Classification (TF2) with TAO Deploy#

To generate an optimized TensorRT engine for TF2 Classification, the gen_trt_engine action takes an ONNX file previously produced by the TF2 Classification export action. For more information about training the TF2 Classification, refer to the TF2 Classification training documentation.

Converting ONNX File into TensorRT Engine#

You can reuse the spec from the TF2 Classification export action as a starting point.

GenTrtEngine Config#

The gen_trt_engine configuration contains the parameters of exporting a .onnx model to TensorRT engine, which can be used for deployment.

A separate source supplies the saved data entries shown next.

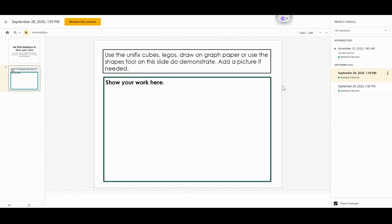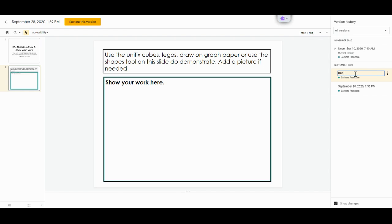So let's say back in September, I look at the version and I only had one slide and I'm going to actually name this version something different. And we're going to call this one problem. And that's for if there's one problem.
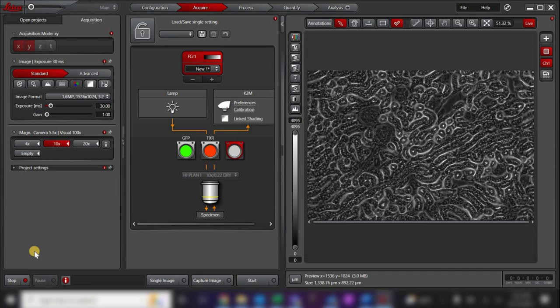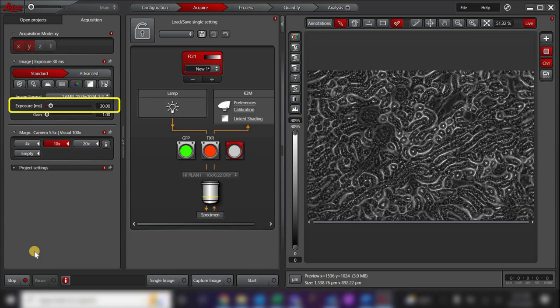Set an appropriate exposure time. Here, I've already set the exposure for my phase contrast image to 30 milliseconds. When you are happy with your image, press Start to take the image.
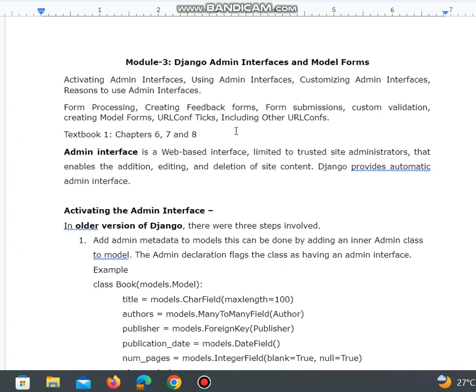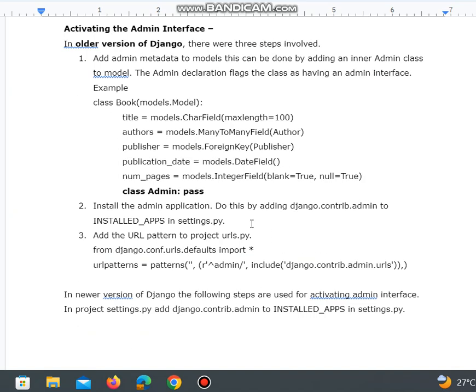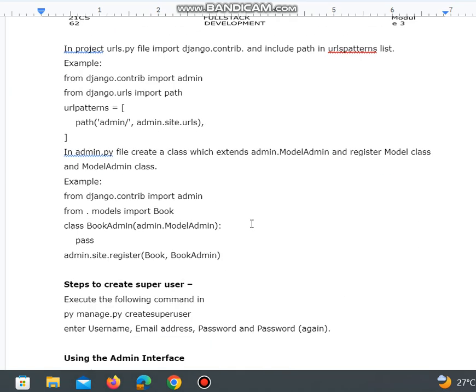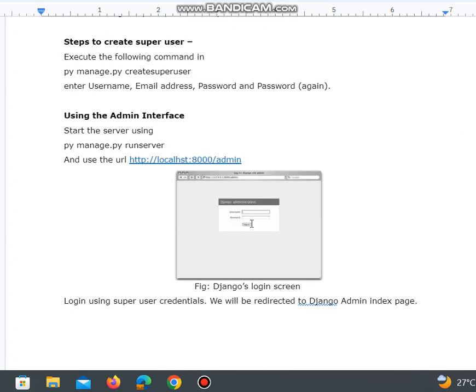I have uploaded module 1 and 2 in my previous video where you can study Django admin interfaces and model forms. The admin interface chapters 6, 7, and 8 are fully covered, and you can refer to the question bank already uploaded.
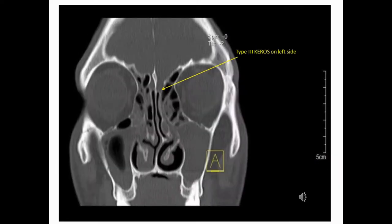This is again a coronal section of CT scan showing Type 2 Keros on the left side, which is approximately 8 to 16 mm in height.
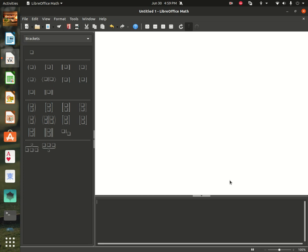Hey everyone, welcome to my channel. Today I'll show you how to use LibreOffice Math in Linux.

Field	Description	Data Type and Constraints	Recommended/Typical Value
onnx_file	The path to the exported .onnx model	string
trt_engine	The path where the generated engine will be stored	string
results_dir	Directory to save the output log. If not specified log will be saved under global $results_dir/gen_trt_engine	string
tensorrt	TensorRT config	Dict

The following is a sample specification file for TF2 classification:

results_dir: '/results'
dataset:
  num_classes: 20
  train_dataset_path: "/workspace/tao-experiments/data/split/train"
  val_dataset_path: "/workspace/tao-experiments/data/split/val"
  preprocess_mode: 'torch'
  augmentation:
    enable_color_augmentation: True
    enable_center_crop: True
train:
  qat: False
  checkpoint: ''
  batch_size_per_gpu: 64
  num_epochs: 80
  optim_config:
    optimizer: 'sgd'
  lr_config:
    scheduler: 'cosine'
    learning_rate: 0.05
    soft_start: 0.05
  reg_config:
    type: 'L2'
    scope: ['conv2d', 'dense']
    weight_decay: 0.00005
model:
  backbone: 'efficientnet-b0'
  input_width: 256
  input_height: 256
  input_channels: 3
  input_image_depth: 8
evaluate:
  dataset_path: '/workspace/tao-experiments/data/split/test'
  checkpoint: ''
  trt_engine: '/results/efficientnet-b0.fp32.engine'
  top_k: 3
  batch_size: 256
  n_workers: 8
inference:
  checkpoint: ''
  trt_engine: '/results/efficientnet-b0.fp32.engine'
  image_dir: '/workspace/tao-experiments/data/split/test/aeroplane'
  classmap: '/results/train/classmap.json'
export:
  checkpoint: ''
  onnx_file: '/results/efficientnet-b0.onnx'
gen_trt_engine:
  onnx_file: '/results/efficientnet-b0.onnx'
  trt_engine: '/results/efficientnet-b0.fp32.engine'
  tensorrt:
    data_type: "fp32"
    max_workspace_size: 4
    max_batch_size: 16
    calibration:
      cal_image_dir: '/workspace/tao-experiments/data/split/test'
      cal_data_file: '/results/calib.tensorfile'
      cal_cache_file: '/results/cal.bin'
      cal_batches: 10

Ask the agent to run the gen_trt_engine action against your spec. For example:

Build an FP16 TensorRT engine for TF2 Classification from the exported
ONNX at ``s3://my-bucket/cls-tf2/model.onnx`` using ``trt-spec.yaml``.
Write the engine to ``s3://my-bucket/cls-tf2/model.engine``. Run on the
local Docker backend.

Running Evaluation through TensorRT Engine#

Use the same specification file as the TAO evaluation specification file.

Ask the agent to run the evaluate action against the engine you built. For example:

Evaluate the TF2 Classification TensorRT engine at
``s3://my-bucket/cls-tf2/model.engine`` against ``eval-spec.yaml``. Run on
local Docker.

Running Inference through TensorRT Engine#

Use the same specification file as the TAO inference specification file.

Ask the agent to run the inference action against the engine you built. For example:

Run TF2 Classification inference with the TensorRT engine at
``s3://my-bucket/cls-tf2/model.engine`` using ``infer-spec.yaml``. Run on
your chosen backend.

CSV predictions are written to result.csv under the configured results directory.